**GIVEN INFORMATION:**

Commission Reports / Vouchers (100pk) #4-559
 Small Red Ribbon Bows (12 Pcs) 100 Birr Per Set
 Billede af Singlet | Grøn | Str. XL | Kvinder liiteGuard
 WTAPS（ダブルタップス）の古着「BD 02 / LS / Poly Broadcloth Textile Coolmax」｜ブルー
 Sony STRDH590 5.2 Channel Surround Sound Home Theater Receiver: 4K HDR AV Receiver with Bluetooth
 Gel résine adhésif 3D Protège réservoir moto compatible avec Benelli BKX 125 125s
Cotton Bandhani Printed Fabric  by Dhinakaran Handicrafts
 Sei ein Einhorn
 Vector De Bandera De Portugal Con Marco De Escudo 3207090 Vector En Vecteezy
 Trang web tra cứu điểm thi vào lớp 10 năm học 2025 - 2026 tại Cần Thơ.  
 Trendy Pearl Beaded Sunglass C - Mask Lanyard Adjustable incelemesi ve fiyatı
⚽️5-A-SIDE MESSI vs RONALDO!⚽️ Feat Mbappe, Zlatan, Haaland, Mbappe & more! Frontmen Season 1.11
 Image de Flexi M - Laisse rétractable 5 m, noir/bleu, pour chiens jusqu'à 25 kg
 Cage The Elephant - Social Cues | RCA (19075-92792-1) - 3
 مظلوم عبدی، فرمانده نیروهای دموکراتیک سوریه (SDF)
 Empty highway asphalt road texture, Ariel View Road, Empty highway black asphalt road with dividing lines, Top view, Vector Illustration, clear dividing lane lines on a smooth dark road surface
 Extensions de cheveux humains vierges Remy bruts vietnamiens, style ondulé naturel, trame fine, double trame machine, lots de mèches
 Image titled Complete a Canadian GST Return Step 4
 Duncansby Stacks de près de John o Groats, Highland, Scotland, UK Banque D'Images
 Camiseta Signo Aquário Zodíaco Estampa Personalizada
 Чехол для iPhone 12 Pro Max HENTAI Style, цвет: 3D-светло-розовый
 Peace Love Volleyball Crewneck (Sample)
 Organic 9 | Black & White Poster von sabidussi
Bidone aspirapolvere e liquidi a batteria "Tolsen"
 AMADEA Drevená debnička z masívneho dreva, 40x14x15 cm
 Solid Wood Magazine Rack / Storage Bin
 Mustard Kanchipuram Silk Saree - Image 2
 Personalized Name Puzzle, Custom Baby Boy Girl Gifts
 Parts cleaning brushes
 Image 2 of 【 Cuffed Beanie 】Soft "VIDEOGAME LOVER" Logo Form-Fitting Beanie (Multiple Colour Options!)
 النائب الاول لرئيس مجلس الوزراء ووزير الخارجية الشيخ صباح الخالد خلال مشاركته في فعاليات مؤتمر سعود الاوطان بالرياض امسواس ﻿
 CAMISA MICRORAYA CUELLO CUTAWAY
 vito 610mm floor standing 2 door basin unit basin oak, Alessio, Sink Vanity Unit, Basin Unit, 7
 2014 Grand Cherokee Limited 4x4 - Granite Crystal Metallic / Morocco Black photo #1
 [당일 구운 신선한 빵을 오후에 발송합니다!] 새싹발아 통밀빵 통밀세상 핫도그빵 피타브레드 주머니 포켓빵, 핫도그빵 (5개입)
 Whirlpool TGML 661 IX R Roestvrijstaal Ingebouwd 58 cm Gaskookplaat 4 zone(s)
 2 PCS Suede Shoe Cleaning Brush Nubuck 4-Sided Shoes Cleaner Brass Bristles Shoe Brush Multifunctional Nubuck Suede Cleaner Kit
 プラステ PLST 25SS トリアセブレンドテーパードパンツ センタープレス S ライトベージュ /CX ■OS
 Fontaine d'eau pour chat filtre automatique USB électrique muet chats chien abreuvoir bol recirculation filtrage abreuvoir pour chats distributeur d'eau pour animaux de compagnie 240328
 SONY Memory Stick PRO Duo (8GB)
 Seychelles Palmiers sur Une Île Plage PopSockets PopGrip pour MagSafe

**WHAT THIS TASK INVOLVES:** Go through the records and set each one down again, unchanged.

**COMPLETED TASK:**
Commission Reports / Vouchers (100pk) #4-559
 Small Red Ribbon Bows (12 Pcs) 100 Birr Per Set
 Billede af Singlet | Grøn | Str. XL | Kvinder liiteGuard
 WTAPS（ダブルタップス）の古着「BD 02 / LS / Poly Broadcloth Textile Coolmax」｜ブルー
 Sony STRDH590 5.2 Channel Surround Sound Home Theater Receiver: 4K HDR AV Receiver with Bluetooth
 Gel résine adhésif 3D Protège réservoir moto compatible avec Benelli BKX 125 125s
Cotton Bandhani Printed Fabric  by Dhinakaran Handicrafts
 Sei ein Einhorn
 Vector De Bandera De Portugal Con Marco De Escudo 3207090 Vector En Vecteezy
 Trang web tra cứu điểm thi vào lớp 10 năm học 2025 - 2026 tại Cần Thơ.  
 Trendy Pearl Beaded Sunglass C - Mask Lanyard Adjustable incelemesi ve fiyatı
⚽️5-A-SIDE MESSI vs RONALDO!⚽️ Feat Mbappe, Zlatan, Haaland, Mbappe & more! Frontmen Season 1.11
 Image de Flexi M - Laisse rétractable 5 m, noir/bleu, pour chiens jusqu'à 25 kg
 Cage The Elephant - Social Cues | RCA (19075-92792-1) - 3
 مظلوم عبدی، فرمانده نیروهای دموکراتیک سوریه (SDF)
 Empty highway asphalt road texture, Ariel View Road, Empty highway black asphalt road with dividing lines, Top view, Vector Illustration, clear dividing lane lines on a smooth dark road surface
 Extensions de cheveux humains vierges Remy bruts vietnamiens, style ondulé naturel, trame fine, double trame machine, lots de mèches
 Image titled Complete a Canadian GST Return Step 4
 Duncansby Stacks de près de John o Groats, Highland, Scotland, UK Banque D'Images
 Camiseta Signo Aquário Zodíaco Estampa Personalizada
 Чехол для iPhone 12 Pro Max HENTAI Style, цвет: 3D-светло-розовый
 Peace Love Volleyball Crewneck (Sample)
 Organic 9 | Black & White Poster von sabidussi
Bidone aspirapolvere e liquidi a batteria "Tolsen"
 AMADEA Drevená debnička z masívneho dreva, 40x14x15 cm
 Solid Wood Magazine Rack / Storage Bin
 Mustard Kanchipuram Silk Saree - Image 2
 Personalized Name Puzzle, Custom Baby Boy Girl Gifts
 Parts cleaning brushes
 Image 2 of 【 Cuffed Beanie 】Soft "VIDEOGAME LOVER" Logo Form-Fitting Beanie (Multiple Colour Options!)
 النائب الاول لرئيس مجلس الوزراء ووزير الخارجية الشيخ صباح الخالد خلال مشاركته في فعاليات مؤتمر سعود الاوطان بالرياض امسواس ﻿
 CAMISA MICRORAYA CUELLO CUTAWAY
 vito 610mm floor standing 2 door basin unit basin oak, Alessio, Sink Vanity Unit, Basin Unit, 7
 2014 Grand Cherokee Limited 4x4 - Granite Crystal Metallic / Morocco Black photo #1
 [당일 구운 신선한 빵을 오후에 발송합니다!] 새싹발아 통밀빵 통밀세상 핫도그빵 피타브레드 주머니 포켓빵, 핫도그빵 (5개입)
 Whirlpool TGML 661 IX R Roestvrijstaal Ingebouwd 58 cm Gaskookplaat 4 zone(s)
 2 PCS Suede Shoe Cleaning Brush Nubuck 4-Sided Shoes Cleaner Brass Bristles Shoe Brush Multifunctional Nubuck Suede Cleaner Kit
 プラステ PLST 25SS トリアセブレンドテーパードパンツ センタープレス S ライトベージュ /CX ■OS
 Fontaine d'eau pour chat filtre automatique USB électrique muet chats chien abreuvoir bol recirculation filtrage abreuvoir pour chats distributeur d'eau pour animaux de compagnie 240328
 SONY Memory Stick PRO Duo (8GB)
 Seychelles Palmiers sur Une Île Plage PopSockets PopGrip pour MagSafe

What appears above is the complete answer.